Compute summaries for `./conn1K.log` then the full `./conn.log` for:

* `ts`: # entries, min/max/mean time
* `id.resp_p`: min/max/nunique
* `duration`: min/max/mean
* `orig_bytes`: min/max/mean/sum

Advanced: Which are the biggest exfils? Longest? SSH?

In [None]:
%%time

gdf = cudf.read_csv('./conn.log', 
              sep='\t', 
              names=cols,
              dtypes=dtypes,
              usecols=cols_subset,
              na_values=[None, '-', '-','(empty)'])

out = gdf.groupby(['id.resp_h', 'id.orig_h'])\
    .agg({
        'ts': ['count', 'min', 'max', 'mean'],
        'uid': 'nunique',
        'id.resp_p': ['min', 'max', 'nunique'],
        'proto': ['nunique'],
        'duration': ['min', 'max', 'mean', 'sum'],
        'orig_bytes': ['min', 'max', 'mean', 'sum'],
        'resp_bytes': ['min', 'max', 'mean', 'sum'],
    }).reset_index()


gdf = None
print(out.shape)
print(out.dtypes)
print(out.head(3))
out = None

## Task 3: Visualize!

Graphistry lets you plot many points, and even more interesting, relationships, and visually filter + cluster them on-the-fly.

#### Task 3a: Run Graphistry

(Precoded)

* Nodes: IPs
* Edges: Summarized flows

Try to -

* Pan/zoom: Similar to Google Maps - click/drag/scroll (or pinch); recenter
* Inspect: click on a node/edge, open table inspector
* Advanced: histogram, filter, cluster, color
* Advanced: rendering + clustering settings

In [None]:
def compute_groupby():

    gdf = cudf.read_csv('./conn.log', 
                  sep='\t', 
                  names=cols,
                  dtypes=dtypes,
                  usecols=cols_subset,
                  na_values=[None, '-', '-','(empty)'])

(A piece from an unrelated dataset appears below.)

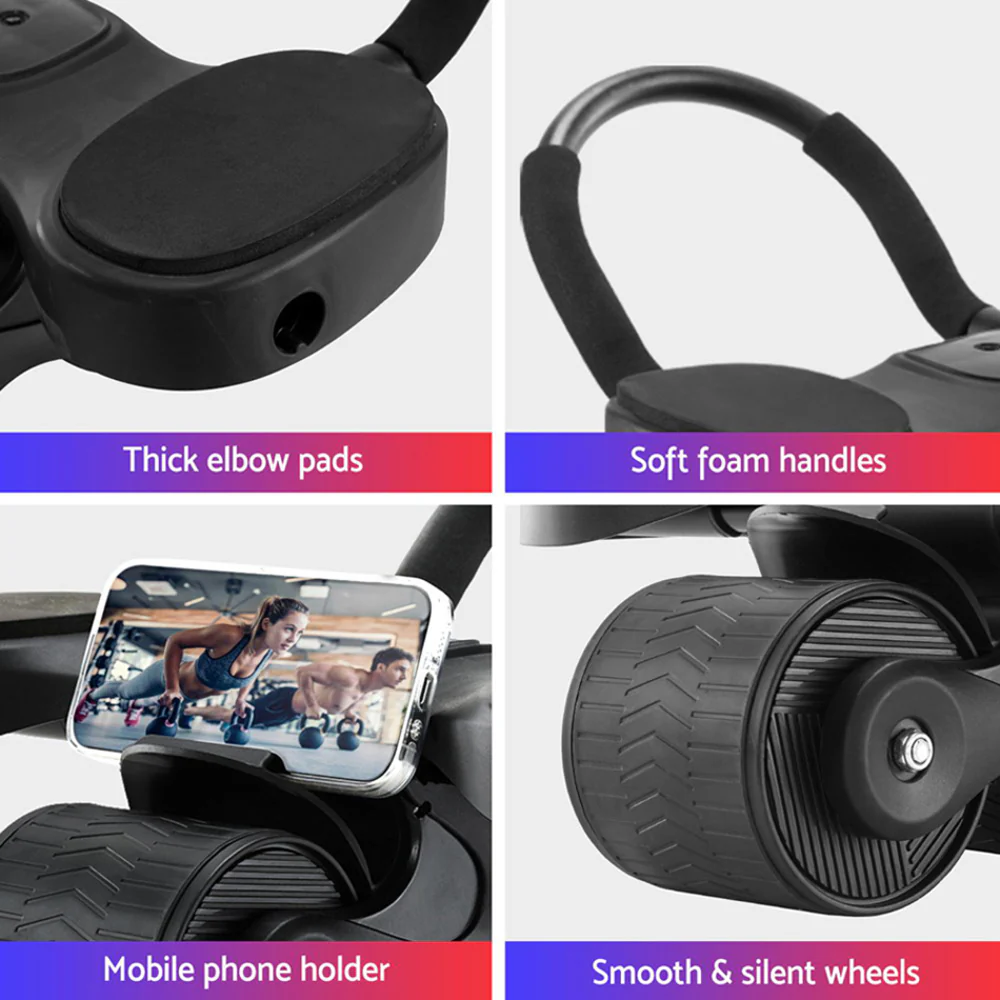 Everfit Ab Roller Automatic Rebound Abdominal Exercise Wheel Home Gym Workout - Nurns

    out = gdf.groupby(['id.resp_h', 'id.orig_h'])\
        .agg({
            'ts': ['count', 'min', 'max', 'mean'],
            'uid': 'nunique',
            'id.resp_p': ['min', 'max', 'nunique'],
            'proto': ['nunique'],
            'duration': ['min', 'max', 'mean', 'sum'],
            'orig_bytes': ['min', 'max', 'mean', 'sum'],
            'resp_bytes': ['min', 'max', 'mean', 'sum'],
        }).reset_index()


    ########### Data cleaning: normal column names and times as actual timestamps

    out.columns = out.columns.to_flat_index() # -> col_name = (col, stat)
    out.columns = [ '%s_%s' % c for c in out.columns ]

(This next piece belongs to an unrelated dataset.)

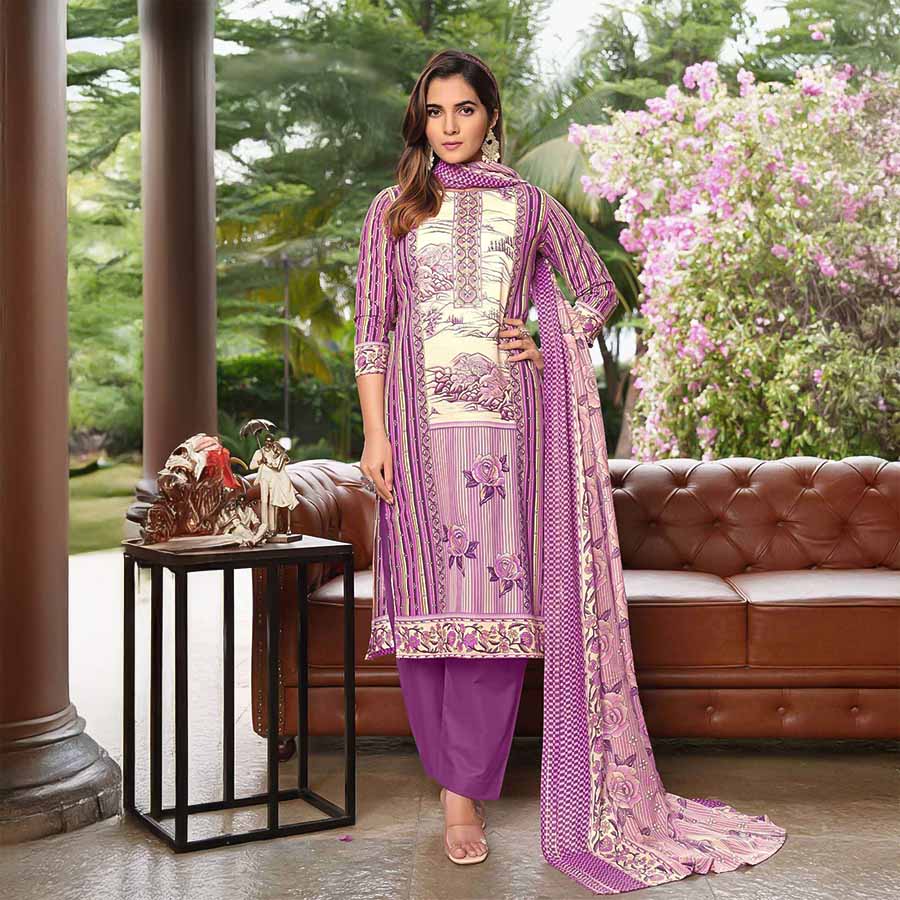 Purple  Cotton Casual Wear Salwar Kameez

    out = out.rename(columns={
        'id.resp_h_': 'id.resp_h',
        'id.orig_h_': 'id.orig_h',
    })

    out['ts_min'] = cudf.Series(pd.to_datetime((out['ts_min']*1000000000).to_pandas()))
    out['ts_max'] = cudf.Series(pd.to_datetime((out['ts_max']*1000000000).to_pandas()))
    out['ts_mean'] = cudf.Series(pd.to_datetime((out['ts_mean']*1000000000).to_pandas()))
    
    return out

out = compute_groupby()
    
print('# rows', len(out))
print('dtypes', out.dtypes)
print(out.head(3))

out = None

In [None]:
%%time

gdf = compute_groupby()

g = graphistry.edges(gdf).bind(source='id.orig_h', destination='id.resp_h')

gdf = None

g.plot()

In [None]:
g = None

### Task 3b: Map SSH activity

* Copy & rename `compute_groupby` as `compute_groupby2` 
* Filter connections to just SSH traffic (port 22) based on column `id.resp_p` 
* Plot

#### 3b. Reference

Hint: To filter, `gdf2 = gdf[ gdf['some_col'] == some_val]`

#### 3b. Task

In [None]:
def compute_groupby2():

    gdf = cudf.read_csv('./conn.log', 
                  sep='\t', 
                  names=cols,
                  dtypes=dtypes,
                  usecols=cols_subset,
                  na_values=[None, '-', '-','(empty)'])
    
    gdf = gdf[ gdf['id.resp_p'] == 22 ]

    out = gdf.groupby(['id.resp_h', 'id.orig_h'])\
        .agg({
            'ts': ['count', 'min', 'max', 'mean'],
            'uid': 'nunique',
            'id.resp_p': ['min', 'max', 'nunique'],
            'proto': ['nunique'],
            'duration': ['min', 'max', 'mean', 'sum'],
            'orig_bytes': ['min', 'max', 'mean', 'sum'],
            'resp_bytes': ['min', 'max', 'mean', 'sum'],
        }).reset_index()


    ########### Data cleaning: normal column names and times as actual timestamps

    out.columns = out.columns.to_flat_index() # -> col_name = (col, stat)
    out.columns = [ '%s_%s' % c for c in out.columns ]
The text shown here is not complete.